The achievement, at a time when the city has enjoyed a boom in population and jobs, sets Seattle apart both from the nation as a whole and other cities that have seen greenhouse gases soar in recent years.
Well, good on Seattle. But at risk of sounding like a stick in the mud, there’s still a question mark in my mind about how much progress the city’s really made.
Find this article interesting? Support more research like this with a year-end gift!
The big problem is that this kind of greenhouse accounting isn’t just tough, it’s mind-bogglingly tough. (And in the spirit of full disclosure, our own Eric de Place is married to one of the authors of Seattle’s GHG inventory.)

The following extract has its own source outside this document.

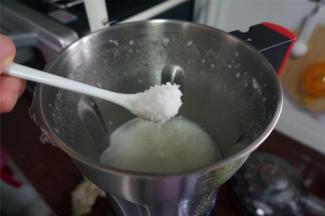 程序结束后，趁热加入2克食盐调味。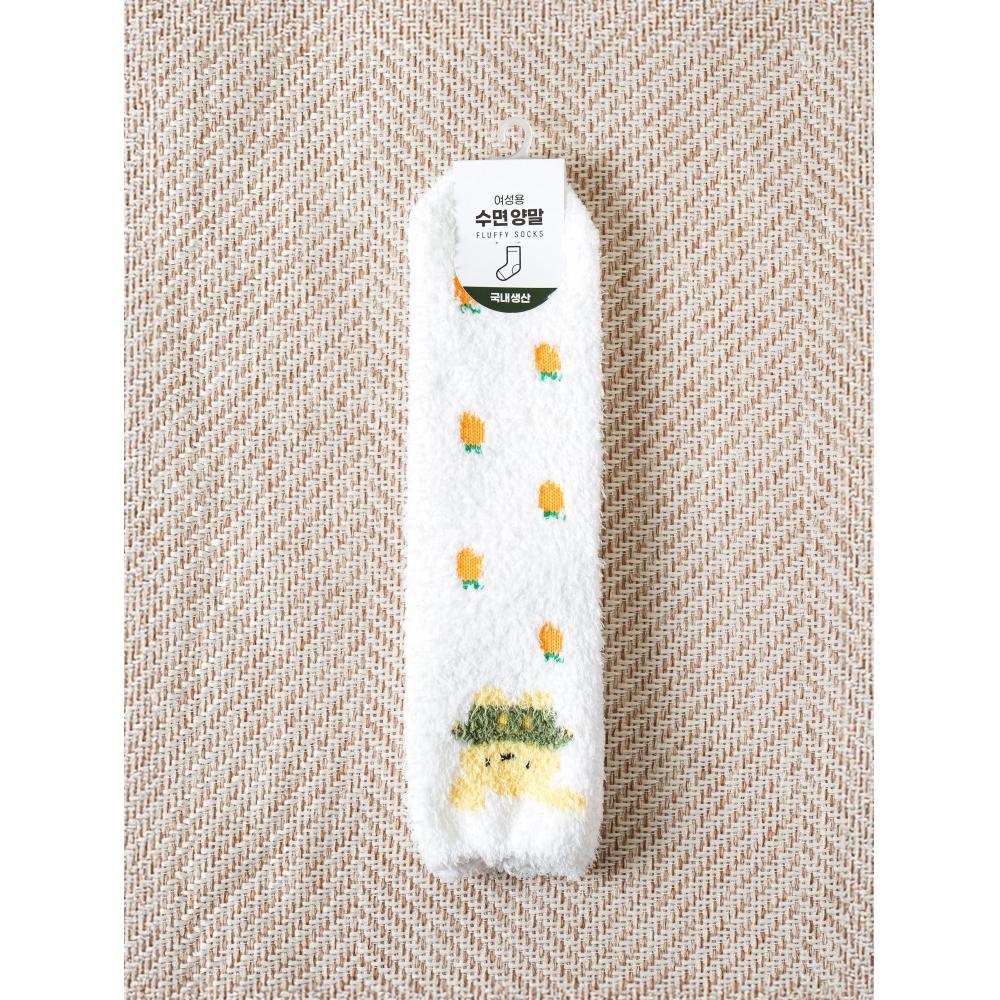 Daiso Clothed Rabbit And Carrot Sleep Socks White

The difficulties are myriad. First off, there are no consistent accounting standards for how a city should run a greenhouse inventory—which means that the exercise requires dozens or even hundreds of judgment calls. How does Seattle account for flights taken by city residents to and from SeaTac (which, after all, is outside of Seattle city limits)? How does a city track electricity generated in some other part of the state, or even in another state altogether? What about gasoline that’s purchased outside the city, but used in city limits (or vice versa). Should the city count heating emissions related to a particularly cold or warm winter as evidence of lasting changes? The decisions are virtually endless. And while I have no reason to doubt that the Seattle inventory’s choices were made in good faith, there’s no question that an equally defensible set of accounting choices might have yielded different results.
One of the biggest challenges in a city inventory is accounting for materials flows—especially, the things Seattle residents buy that were manufactured or grown elsewhere.

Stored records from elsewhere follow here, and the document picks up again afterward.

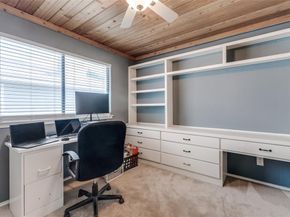 17490  Meandering Way  106, Dallas Texas 75252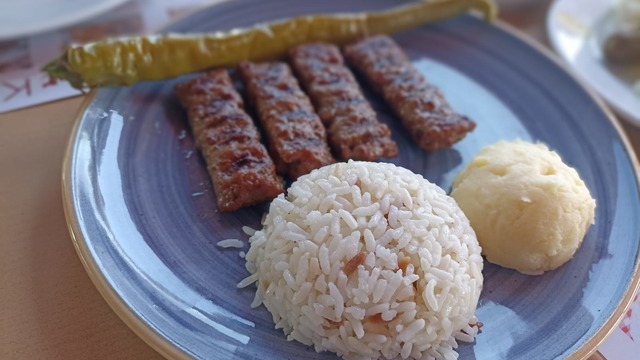 İstanbul Köfte Yolculuğu: Lezzetli Anılar ve Hayal Kırıklıkları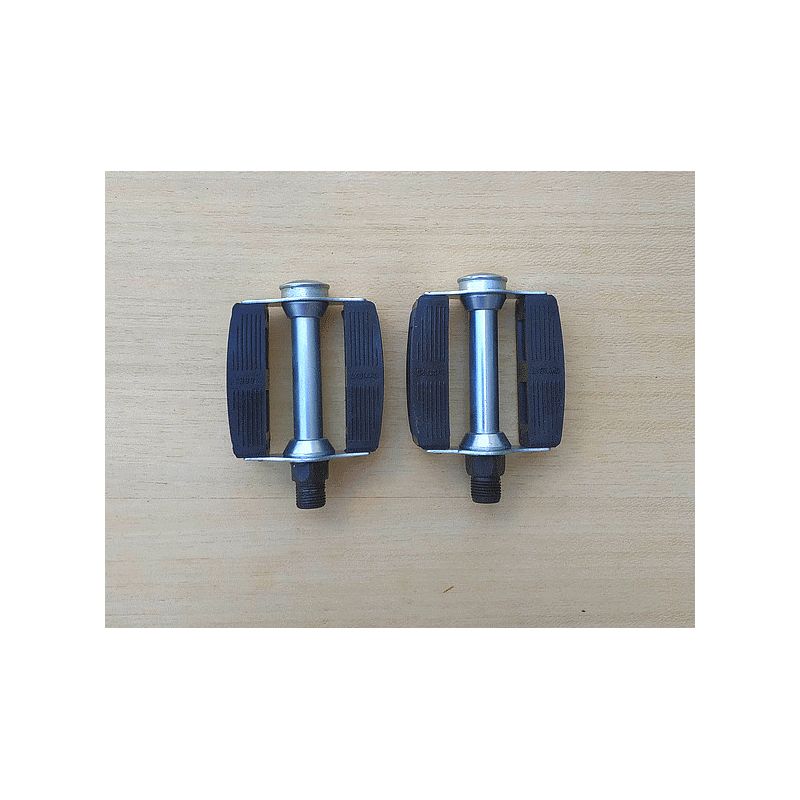 Black pedals for children's bikes Lyotard  french thread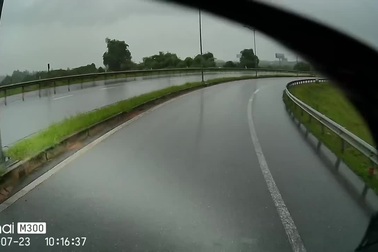 "Bắt quả tang" ô tô đi lùi trên đường cao tốc Hà Nội - Thái Nguyên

Take food; a fair chunk of Seattle’s emissions, broadly defined, come from the food we eat. Yet trends in agricultural inputs, and long-distance food transport, simply aren’t reflected in a GHG inventory that focuses on the city itself. We could be eating higher up on the food chain, and our food could be traveling farther and farther farm fields to our plates; but a greenhouse inventory focused within the city boundaries wouldn’t detect that. The same thing goes for manufactured goods that were once produced close to home, but now are shipped from distant shores. Same, too, for Seattle’s energy-intensive cement plants that have cut back on their production in recent years; Seattle’s inventory notches those cutbacks as a GHG decline, but what really matters is how much cement we consume, not how much we produce. But tracking the flow of cement into and out of the city, over the course of 15 years, would be an exercise in frustration.

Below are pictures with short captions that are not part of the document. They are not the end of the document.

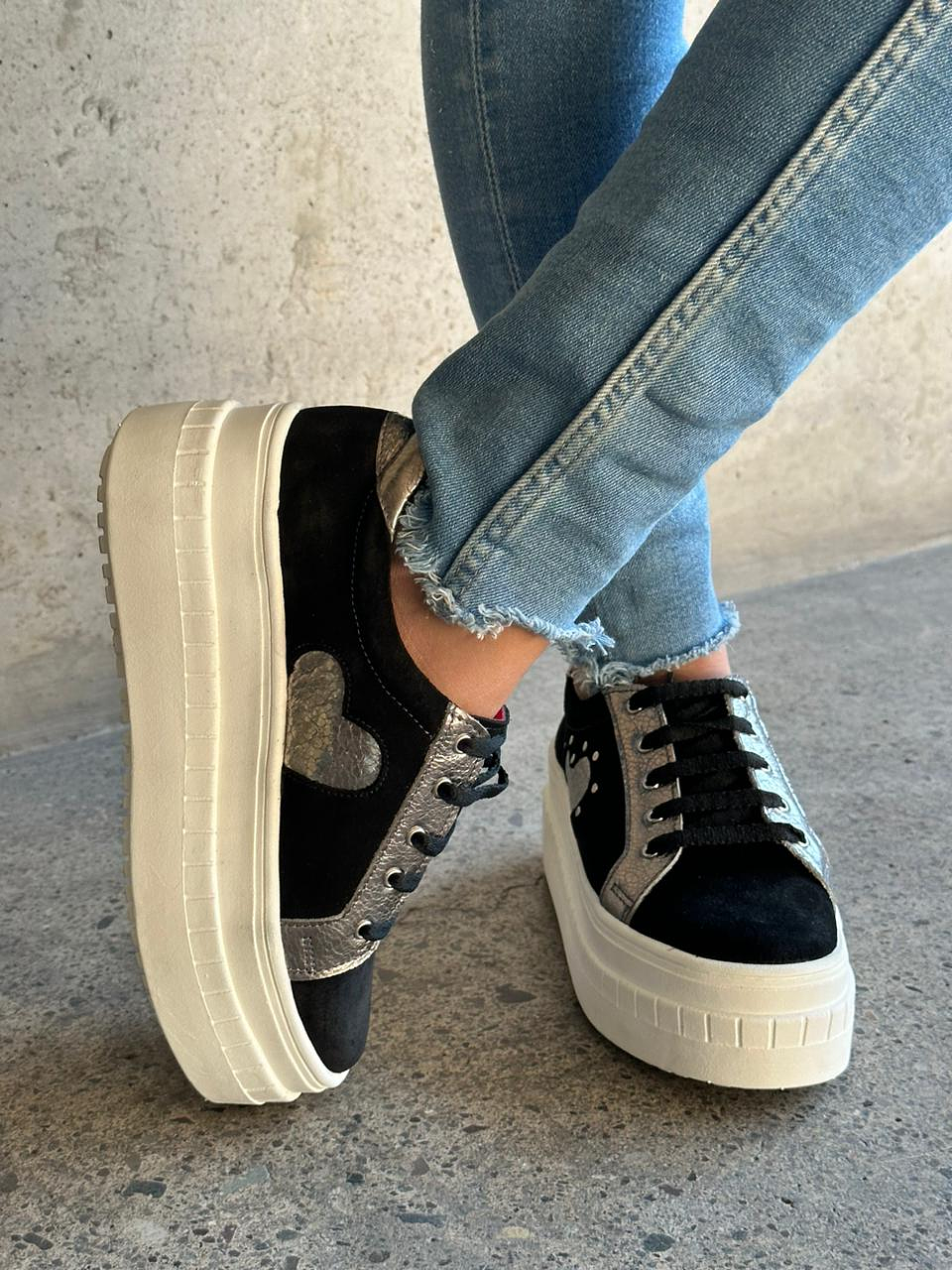 Isabella Reno Negro 4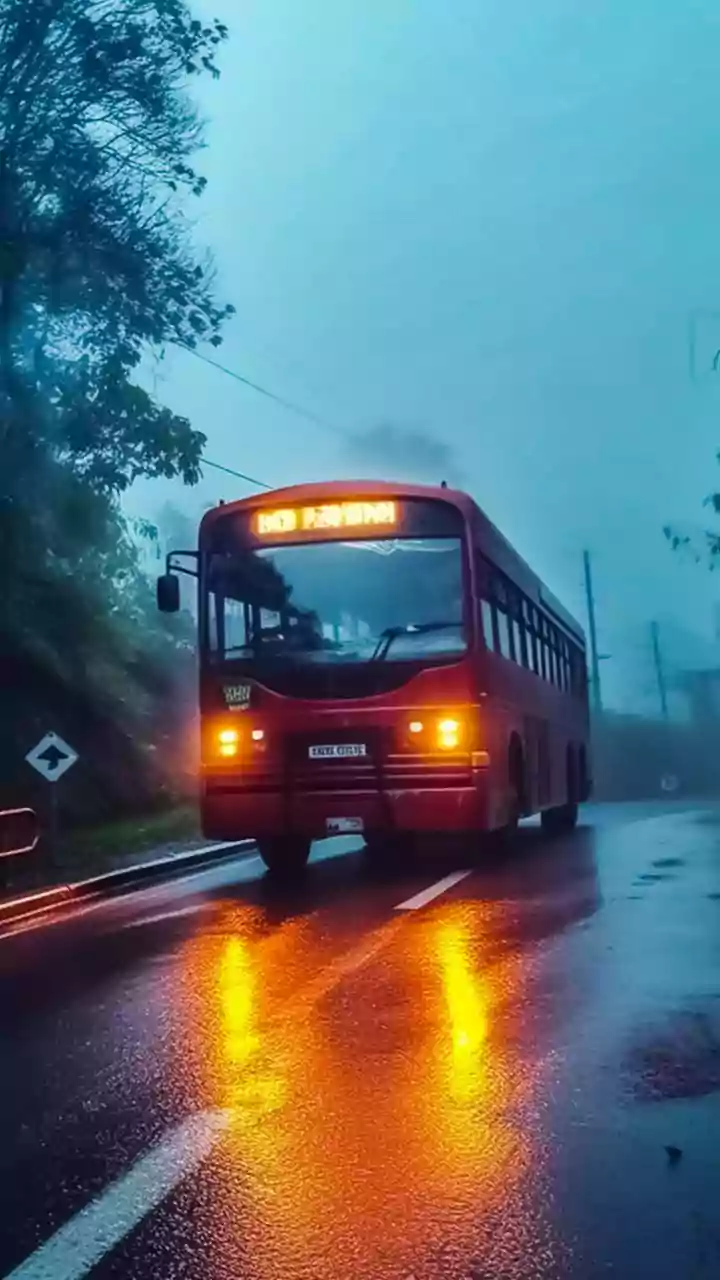 Unnao: 60-passenger bus on Delhi-Varanasi route overturns, 40 injured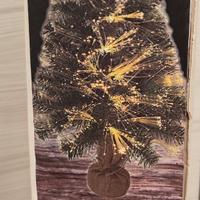 Albero di natale con luci a fibre ottiche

Perhaps the city would have liked to included the greenhouse impacts of materials flows in its inventory. But it’s a moot point. The data are simply unavailable—they couldn’t include it, even if they’d wanted to.
I don’t mean to downplay the city’s accomplishment: Seattle deserves hearty congratulations for taking the time to assess itself—and for bucking the national trend towards rising emissions. Yet I have to remain a wee bit skeptical: without better measures, we can’t know if the city’s truly made the progress it’s been hoping for.